I have just returned from Rome, where I, along with my colleague Zahra Vieneuve, spent the week laying the groundwork for a conference on December 10-12, 2015, Under Caesar’s Sword: Christians in Response to Persecution.
Co-sponsoring the conference is the Community of Sant’Egidio, a Catholic lay community known for its work in peacemaking and a litany of other causes of justice, all centered upon its “methodology” of personal friendship, especially for the poor.

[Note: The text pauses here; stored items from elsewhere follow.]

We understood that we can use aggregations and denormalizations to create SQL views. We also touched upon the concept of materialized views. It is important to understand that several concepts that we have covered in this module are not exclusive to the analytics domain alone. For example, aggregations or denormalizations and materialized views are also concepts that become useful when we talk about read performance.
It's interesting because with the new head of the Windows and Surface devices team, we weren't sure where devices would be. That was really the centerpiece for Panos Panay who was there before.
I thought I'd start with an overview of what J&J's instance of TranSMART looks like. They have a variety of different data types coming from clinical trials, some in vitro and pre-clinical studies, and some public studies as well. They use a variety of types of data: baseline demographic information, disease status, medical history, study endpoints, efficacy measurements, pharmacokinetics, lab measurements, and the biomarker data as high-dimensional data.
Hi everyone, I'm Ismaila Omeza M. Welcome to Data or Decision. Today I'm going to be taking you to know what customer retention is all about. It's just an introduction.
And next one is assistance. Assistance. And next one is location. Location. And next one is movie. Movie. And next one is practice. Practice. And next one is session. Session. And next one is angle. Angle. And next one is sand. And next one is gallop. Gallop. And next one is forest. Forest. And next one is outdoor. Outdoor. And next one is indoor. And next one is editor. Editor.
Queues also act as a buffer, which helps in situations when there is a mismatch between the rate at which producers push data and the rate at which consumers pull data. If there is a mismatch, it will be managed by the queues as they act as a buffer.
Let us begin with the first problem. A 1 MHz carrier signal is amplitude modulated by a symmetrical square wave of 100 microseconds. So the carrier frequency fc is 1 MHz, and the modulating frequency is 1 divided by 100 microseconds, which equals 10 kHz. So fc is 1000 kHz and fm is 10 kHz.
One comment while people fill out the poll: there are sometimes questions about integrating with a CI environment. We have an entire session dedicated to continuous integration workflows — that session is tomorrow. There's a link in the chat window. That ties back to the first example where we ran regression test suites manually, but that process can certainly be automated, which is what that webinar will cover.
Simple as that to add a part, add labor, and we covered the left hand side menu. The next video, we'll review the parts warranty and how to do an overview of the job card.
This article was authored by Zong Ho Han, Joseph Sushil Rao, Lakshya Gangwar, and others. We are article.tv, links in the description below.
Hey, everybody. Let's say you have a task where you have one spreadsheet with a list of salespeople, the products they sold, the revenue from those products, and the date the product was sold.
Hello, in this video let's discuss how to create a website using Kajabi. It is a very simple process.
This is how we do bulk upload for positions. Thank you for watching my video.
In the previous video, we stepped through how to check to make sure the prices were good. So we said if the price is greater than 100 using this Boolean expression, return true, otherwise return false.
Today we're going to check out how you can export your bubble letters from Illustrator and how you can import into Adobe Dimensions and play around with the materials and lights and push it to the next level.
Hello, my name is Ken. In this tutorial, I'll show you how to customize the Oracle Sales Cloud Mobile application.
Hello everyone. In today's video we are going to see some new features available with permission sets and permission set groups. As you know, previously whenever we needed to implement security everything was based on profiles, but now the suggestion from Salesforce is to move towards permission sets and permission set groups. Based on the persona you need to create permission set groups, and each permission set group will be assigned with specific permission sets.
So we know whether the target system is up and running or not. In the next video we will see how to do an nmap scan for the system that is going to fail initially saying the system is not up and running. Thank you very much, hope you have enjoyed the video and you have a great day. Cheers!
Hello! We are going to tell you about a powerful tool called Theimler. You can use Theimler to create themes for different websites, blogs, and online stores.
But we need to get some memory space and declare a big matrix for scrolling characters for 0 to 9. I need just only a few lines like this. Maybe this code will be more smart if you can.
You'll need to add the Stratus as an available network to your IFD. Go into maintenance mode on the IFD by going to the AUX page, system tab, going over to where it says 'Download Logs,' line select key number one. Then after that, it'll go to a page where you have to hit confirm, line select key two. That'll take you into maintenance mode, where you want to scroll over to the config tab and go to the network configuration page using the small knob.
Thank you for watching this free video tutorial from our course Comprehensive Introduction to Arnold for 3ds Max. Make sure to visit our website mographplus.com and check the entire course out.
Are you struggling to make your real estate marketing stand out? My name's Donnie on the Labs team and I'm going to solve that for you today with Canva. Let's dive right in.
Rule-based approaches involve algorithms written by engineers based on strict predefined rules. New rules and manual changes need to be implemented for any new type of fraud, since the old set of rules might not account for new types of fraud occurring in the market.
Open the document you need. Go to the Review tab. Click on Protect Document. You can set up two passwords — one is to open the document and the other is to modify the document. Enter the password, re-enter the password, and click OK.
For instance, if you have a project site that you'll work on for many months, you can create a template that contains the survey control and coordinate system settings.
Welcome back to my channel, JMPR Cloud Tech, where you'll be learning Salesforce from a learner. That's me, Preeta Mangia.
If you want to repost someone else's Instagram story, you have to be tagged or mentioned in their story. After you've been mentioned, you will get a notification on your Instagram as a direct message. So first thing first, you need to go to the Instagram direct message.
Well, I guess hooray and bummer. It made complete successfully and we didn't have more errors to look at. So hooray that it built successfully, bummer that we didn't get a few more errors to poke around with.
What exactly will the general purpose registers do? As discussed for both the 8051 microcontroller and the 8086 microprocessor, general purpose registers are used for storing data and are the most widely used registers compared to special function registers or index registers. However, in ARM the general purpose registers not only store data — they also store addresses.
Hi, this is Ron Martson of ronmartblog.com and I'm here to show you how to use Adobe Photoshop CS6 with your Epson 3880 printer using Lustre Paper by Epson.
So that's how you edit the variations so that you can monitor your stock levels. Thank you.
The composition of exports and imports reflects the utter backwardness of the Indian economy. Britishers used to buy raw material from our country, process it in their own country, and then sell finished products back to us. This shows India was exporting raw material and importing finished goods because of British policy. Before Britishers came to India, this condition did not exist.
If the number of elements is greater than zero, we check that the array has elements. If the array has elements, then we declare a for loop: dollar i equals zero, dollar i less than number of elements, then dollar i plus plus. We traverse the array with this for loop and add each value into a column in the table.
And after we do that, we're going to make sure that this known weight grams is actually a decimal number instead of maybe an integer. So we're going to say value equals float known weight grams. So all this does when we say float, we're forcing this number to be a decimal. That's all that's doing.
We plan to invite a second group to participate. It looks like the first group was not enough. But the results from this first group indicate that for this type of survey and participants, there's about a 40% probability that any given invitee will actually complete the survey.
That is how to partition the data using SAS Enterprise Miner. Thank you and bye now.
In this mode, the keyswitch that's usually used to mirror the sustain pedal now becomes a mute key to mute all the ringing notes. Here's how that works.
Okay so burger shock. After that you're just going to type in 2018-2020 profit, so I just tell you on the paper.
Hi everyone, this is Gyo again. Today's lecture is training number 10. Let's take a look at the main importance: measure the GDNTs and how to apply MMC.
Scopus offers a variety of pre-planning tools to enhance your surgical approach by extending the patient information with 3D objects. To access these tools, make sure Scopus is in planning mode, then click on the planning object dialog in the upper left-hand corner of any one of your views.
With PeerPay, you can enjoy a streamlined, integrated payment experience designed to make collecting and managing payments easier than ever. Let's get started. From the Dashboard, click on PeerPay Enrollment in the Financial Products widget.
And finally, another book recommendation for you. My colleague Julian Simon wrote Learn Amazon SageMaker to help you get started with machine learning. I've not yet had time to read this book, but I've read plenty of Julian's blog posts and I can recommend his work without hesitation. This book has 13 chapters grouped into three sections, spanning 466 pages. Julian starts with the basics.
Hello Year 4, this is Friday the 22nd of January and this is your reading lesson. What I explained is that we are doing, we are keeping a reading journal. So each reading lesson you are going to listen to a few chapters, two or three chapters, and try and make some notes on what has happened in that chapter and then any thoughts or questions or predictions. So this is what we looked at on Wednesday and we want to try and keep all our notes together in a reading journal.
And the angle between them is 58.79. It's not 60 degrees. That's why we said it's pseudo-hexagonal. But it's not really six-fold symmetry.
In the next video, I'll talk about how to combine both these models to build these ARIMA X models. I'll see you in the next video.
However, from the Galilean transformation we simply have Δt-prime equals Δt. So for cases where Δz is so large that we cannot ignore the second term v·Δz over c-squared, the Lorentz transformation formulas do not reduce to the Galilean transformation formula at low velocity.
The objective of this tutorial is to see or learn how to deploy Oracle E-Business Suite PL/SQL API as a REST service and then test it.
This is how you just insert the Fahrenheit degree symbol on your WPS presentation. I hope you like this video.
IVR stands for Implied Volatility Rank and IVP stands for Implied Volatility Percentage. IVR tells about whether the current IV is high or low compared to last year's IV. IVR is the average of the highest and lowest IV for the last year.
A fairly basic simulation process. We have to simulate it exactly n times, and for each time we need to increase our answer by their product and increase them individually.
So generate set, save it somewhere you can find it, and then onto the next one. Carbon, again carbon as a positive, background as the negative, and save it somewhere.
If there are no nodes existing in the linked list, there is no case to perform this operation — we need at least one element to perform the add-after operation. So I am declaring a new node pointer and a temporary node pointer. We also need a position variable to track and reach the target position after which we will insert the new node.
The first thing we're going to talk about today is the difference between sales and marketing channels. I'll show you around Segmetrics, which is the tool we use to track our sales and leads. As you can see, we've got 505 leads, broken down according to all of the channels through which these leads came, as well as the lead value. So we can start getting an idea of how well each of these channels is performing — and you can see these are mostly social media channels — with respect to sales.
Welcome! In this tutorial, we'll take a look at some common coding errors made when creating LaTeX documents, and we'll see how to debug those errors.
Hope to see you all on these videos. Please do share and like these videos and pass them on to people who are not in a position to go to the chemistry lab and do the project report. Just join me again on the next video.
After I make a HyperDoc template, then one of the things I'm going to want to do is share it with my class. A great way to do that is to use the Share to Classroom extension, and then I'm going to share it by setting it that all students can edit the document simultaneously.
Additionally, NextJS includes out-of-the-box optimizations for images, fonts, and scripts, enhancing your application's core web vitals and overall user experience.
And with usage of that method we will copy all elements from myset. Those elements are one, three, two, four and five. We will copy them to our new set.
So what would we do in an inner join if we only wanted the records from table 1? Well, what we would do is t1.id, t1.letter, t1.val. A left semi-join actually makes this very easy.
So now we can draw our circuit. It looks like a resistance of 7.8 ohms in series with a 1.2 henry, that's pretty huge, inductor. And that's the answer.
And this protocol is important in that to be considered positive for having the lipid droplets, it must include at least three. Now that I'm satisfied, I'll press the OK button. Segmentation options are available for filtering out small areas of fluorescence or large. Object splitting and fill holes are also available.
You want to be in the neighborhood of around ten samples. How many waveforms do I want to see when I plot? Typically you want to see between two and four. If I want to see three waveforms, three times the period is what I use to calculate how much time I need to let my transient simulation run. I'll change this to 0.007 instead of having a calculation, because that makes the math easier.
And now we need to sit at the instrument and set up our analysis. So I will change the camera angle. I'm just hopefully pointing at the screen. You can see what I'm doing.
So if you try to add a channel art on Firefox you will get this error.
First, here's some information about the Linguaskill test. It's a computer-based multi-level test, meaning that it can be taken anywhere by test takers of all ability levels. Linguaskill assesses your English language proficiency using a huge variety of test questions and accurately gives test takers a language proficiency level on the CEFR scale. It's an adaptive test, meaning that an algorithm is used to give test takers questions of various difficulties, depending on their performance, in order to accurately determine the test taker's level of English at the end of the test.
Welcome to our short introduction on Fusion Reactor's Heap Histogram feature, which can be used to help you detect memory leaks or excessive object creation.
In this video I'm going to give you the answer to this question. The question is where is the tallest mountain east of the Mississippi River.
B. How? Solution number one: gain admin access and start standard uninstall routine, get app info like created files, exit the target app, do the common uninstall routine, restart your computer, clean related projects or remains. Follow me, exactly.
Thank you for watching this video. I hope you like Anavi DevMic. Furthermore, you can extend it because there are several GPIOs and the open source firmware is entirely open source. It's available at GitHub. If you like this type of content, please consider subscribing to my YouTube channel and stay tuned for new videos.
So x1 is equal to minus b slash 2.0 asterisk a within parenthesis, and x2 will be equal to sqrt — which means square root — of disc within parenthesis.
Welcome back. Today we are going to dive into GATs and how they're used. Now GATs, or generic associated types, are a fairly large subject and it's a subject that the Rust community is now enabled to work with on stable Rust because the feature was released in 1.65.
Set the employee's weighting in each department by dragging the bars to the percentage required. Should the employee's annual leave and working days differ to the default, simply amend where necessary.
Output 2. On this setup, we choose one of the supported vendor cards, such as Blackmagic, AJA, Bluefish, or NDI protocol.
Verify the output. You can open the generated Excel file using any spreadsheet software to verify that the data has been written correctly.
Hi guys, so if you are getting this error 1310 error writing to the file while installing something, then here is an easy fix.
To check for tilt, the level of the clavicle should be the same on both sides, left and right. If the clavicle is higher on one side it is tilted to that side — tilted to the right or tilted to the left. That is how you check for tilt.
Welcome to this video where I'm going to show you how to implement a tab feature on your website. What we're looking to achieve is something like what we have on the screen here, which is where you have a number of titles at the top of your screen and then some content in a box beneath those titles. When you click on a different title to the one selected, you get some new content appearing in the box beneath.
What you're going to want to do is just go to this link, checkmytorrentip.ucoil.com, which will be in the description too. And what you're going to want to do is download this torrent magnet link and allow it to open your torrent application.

One of the community’s most striking ventures is its maintenance of the Church of San Bartolomeo as a shrine to contemporary Christian martyrs. This 10th century basilica stands on the Tiber Island astride the district of Trastevere, where the Community is headquartered. In the shadowy, candelit side chapels can be found the relics of Christians who lost their lives due to their faith or their faith-based stand for justice. Salvadoran Archbishop Oscar Romero’s missal; a tiny piece of the beard of Maxmilian Kolbe, a Polish priest who exchanged his life for that of a fellow prisoner at Auschwitz; and objects from the lives of Rwandans, Russians under the Soviet Union, and many other Christians from around the the world over the past century can be found here.
Like the martyrs themselves, the shrine is little known and deserves to be better known — a stop on every Rome tour bus’s itinerary.